I don't always agree 100% with the viewpoints of the politicians I support either.  I just agree with them on enough points that I find them worthy of my monetary support.  Neither do I expect them to toe the line of my ideal politician just because I threw them a few dollars.  I simply expect them to do what they say they will, and thus far, Franken has been doing a tremendous job of that.

mingtran
mingtran topcommenter

@ChazDanger Ha ha! You're the specialest kind of "special" and will never get it.

MicheleBachmann
MicheleBachmann topcommenter

@ChazDanger   I can't wait for one of ming's classic pug based insults to really make you look dumb.  Then he will declare himself the winner in a debate against me and spend the rest of his night huffing glue.  

MicheleBachmann
MicheleBachmann topcommenter

@ChazDanger If only their 3rd grade teachers would have tried harder you wouldn't have to teach them so much Chaz.  

DavidFoureyes
DavidFoureyes topcommenter

@_Joe_ @DavidFoureyes Well, in this case CityPages is Al's "opponent" since no one else would have made a story out of this - and considering I've only seen the same 3 ads on the site all week, I sorta doubt they've been offered a dime by a communications company. Can you imagine the five-story pop-up and banners we'd see if some ad-sales guy at CP managed to land Comcast? $4,500 is like the annual editorial budget for Village Voice...CITY PAGES BROUGHT TO YOU IN PERPETUITY BY COMCAST.
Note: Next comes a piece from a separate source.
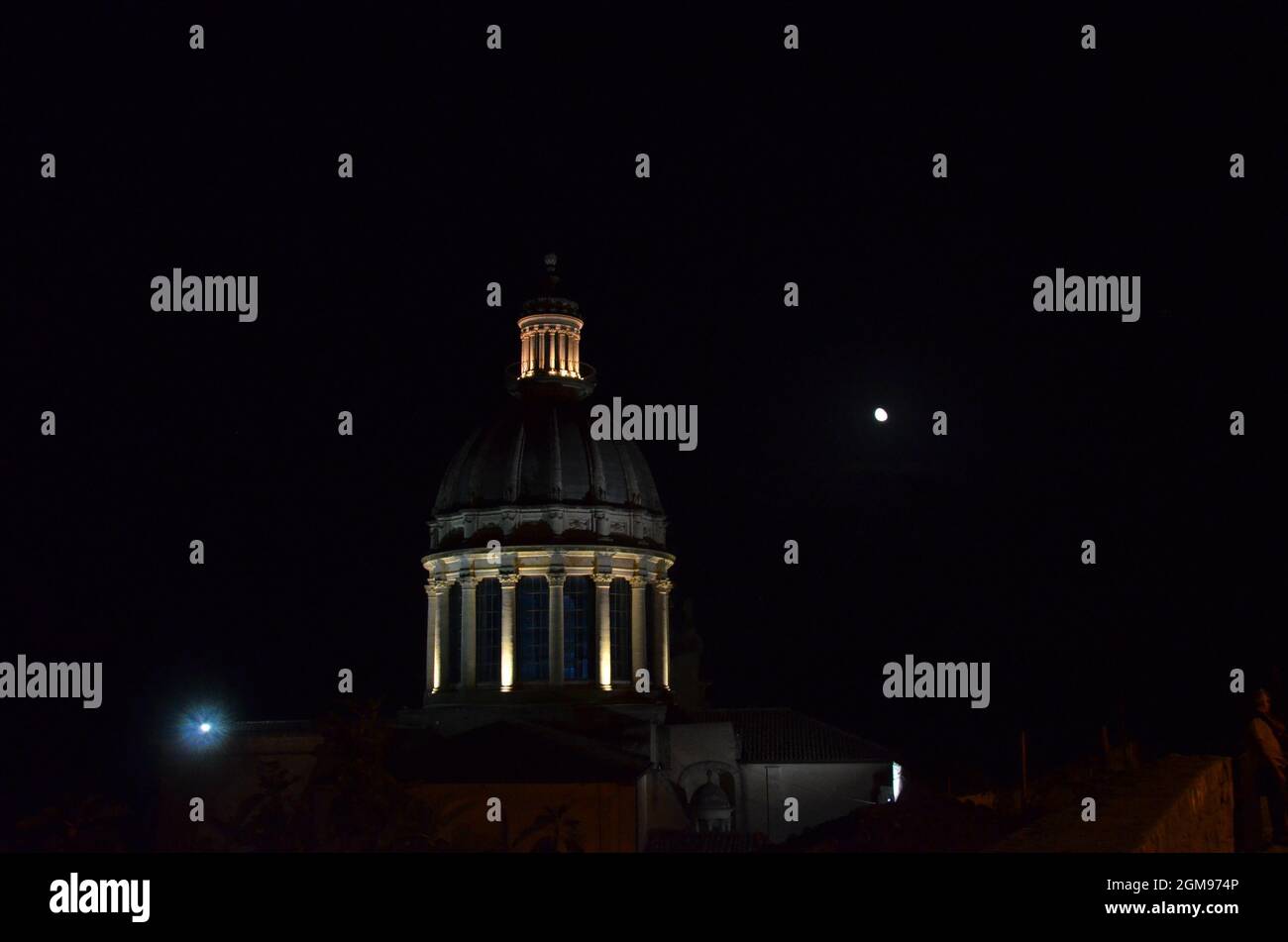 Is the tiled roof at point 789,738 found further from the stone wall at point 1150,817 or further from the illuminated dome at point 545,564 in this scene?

In all seriousness - I don't disagree but I think we all just expected more from Al. I know I do. I also know this amount of money is a complete fuckin' joke in a contested Senate race...so refusing it would have been more of a story than taking it. Imagine CP got ahold of "Al Fraken Refuses Annual Rupar-Level-Salary To Make Point"...



I KID!!!

ChazDanger
ChazDanger topcommenter

@mingtran @ChazDanger Ming, Get what?  You haven't produced one piece of evidence to back up any of your outlandish claims and all you do is hurl insults.  What am I supposed to get?


I get that you are not very well educated, which might be the actual problem. 


Here's one example:

specialest 

A slang word used by cute chicks and middle school boys meaning "most special". It is similar to "bestest" and "cutemost". 
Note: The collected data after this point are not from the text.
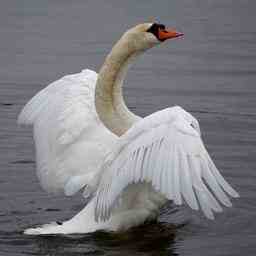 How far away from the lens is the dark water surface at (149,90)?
8.71 metres


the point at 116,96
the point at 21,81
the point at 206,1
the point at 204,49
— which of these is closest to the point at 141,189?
the point at 116,96

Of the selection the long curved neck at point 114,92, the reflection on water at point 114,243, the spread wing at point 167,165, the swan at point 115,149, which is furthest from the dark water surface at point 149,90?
the long curved neck at point 114,92

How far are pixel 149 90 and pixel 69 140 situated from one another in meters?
5.85

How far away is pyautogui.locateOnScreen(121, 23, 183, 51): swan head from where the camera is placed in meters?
8.90

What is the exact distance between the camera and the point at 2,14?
73.0 feet

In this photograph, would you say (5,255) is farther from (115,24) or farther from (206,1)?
(206,1)

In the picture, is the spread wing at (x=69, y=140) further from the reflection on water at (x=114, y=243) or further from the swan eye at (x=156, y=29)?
the swan eye at (x=156, y=29)

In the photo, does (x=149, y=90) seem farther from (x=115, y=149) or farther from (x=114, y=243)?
(x=115, y=149)

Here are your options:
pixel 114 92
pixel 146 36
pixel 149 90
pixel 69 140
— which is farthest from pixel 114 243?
pixel 149 90

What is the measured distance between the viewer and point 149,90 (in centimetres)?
1471

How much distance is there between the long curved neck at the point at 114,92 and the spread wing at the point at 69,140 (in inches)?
7.6

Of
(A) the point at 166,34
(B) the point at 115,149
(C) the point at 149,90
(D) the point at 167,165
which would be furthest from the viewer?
(C) the point at 149,90

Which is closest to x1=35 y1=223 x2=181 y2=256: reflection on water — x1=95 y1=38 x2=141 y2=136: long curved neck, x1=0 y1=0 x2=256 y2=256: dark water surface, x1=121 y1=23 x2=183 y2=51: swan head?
x1=0 y1=0 x2=256 y2=256: dark water surface

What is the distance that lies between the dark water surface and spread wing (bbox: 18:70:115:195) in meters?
0.49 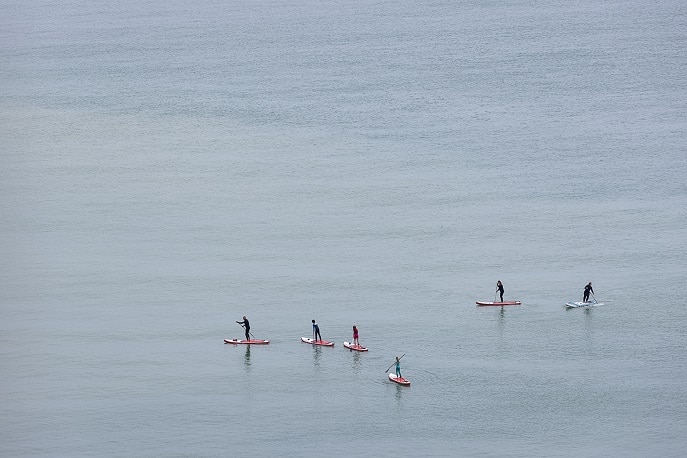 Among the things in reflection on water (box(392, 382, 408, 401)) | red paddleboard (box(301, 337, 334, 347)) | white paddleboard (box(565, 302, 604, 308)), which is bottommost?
reflection on water (box(392, 382, 408, 401))

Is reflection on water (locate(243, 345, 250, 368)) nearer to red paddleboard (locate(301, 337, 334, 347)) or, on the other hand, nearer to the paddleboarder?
red paddleboard (locate(301, 337, 334, 347))

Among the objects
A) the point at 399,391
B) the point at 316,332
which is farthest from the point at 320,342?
the point at 399,391

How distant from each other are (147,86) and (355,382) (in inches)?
3609

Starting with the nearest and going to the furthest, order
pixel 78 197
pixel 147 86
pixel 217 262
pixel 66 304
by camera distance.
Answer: pixel 66 304 → pixel 217 262 → pixel 78 197 → pixel 147 86

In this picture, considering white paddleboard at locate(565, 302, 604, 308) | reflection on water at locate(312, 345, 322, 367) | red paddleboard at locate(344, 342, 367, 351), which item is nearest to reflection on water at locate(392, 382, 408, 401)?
red paddleboard at locate(344, 342, 367, 351)

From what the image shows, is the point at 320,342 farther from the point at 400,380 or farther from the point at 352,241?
the point at 352,241

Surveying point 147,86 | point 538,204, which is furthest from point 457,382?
point 147,86

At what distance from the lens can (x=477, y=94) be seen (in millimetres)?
140750

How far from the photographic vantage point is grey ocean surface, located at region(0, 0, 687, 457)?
63.4m

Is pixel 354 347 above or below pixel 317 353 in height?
above

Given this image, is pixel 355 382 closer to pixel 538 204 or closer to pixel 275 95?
pixel 538 204

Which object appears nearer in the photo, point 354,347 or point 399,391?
point 399,391

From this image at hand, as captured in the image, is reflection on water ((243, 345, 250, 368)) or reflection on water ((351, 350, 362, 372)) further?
reflection on water ((243, 345, 250, 368))

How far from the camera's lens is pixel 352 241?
307 feet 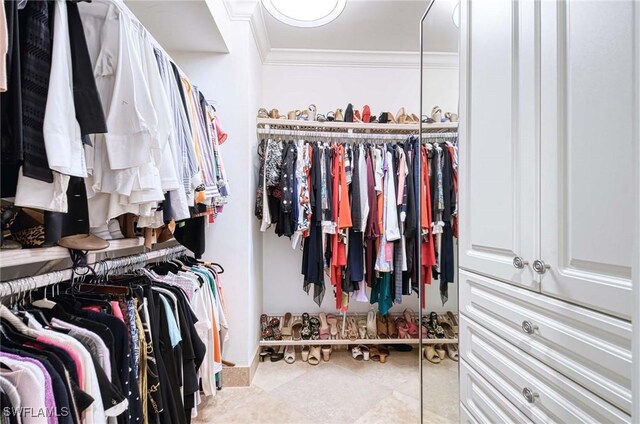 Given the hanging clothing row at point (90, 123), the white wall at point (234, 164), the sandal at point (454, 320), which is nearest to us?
the hanging clothing row at point (90, 123)

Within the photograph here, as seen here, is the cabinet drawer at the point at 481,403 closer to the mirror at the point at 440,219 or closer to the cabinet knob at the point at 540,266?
the mirror at the point at 440,219

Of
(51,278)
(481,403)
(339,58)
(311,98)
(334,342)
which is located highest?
(339,58)

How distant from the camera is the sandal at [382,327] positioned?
2.31 metres

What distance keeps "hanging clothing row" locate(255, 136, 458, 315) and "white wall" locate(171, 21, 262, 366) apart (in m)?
0.17

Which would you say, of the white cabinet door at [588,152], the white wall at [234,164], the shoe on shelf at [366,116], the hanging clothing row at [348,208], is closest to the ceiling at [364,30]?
the white wall at [234,164]

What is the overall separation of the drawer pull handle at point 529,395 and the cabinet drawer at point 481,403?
0.22 ft

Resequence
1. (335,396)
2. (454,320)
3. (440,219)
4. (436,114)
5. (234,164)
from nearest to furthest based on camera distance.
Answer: (454,320) → (436,114) → (440,219) → (335,396) → (234,164)

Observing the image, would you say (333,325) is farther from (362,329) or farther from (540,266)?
(540,266)

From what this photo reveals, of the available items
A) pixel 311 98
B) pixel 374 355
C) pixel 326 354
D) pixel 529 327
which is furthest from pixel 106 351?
pixel 311 98

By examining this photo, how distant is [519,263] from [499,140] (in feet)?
1.21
1. Wow, Peggy, those are the specialest, cutemost earrings! 

Nice job buddy! You used a word that only exists on urban dictionary, It's a school girl word to boot.


I now get it,  you're a child in middle school.  Will we no longer see you when summer is over? A majority of us hope so.

mingtran
mingtran topcommenter

@ChazDanger Exactly you freakin twat! You're not a "specialist" at anything. You are "King Special". Get it now?! 

You just proved you don't search past comments (which I make public, unlike you you because you're a bitch). See if you can figure out how I know that based on your comment, small fry.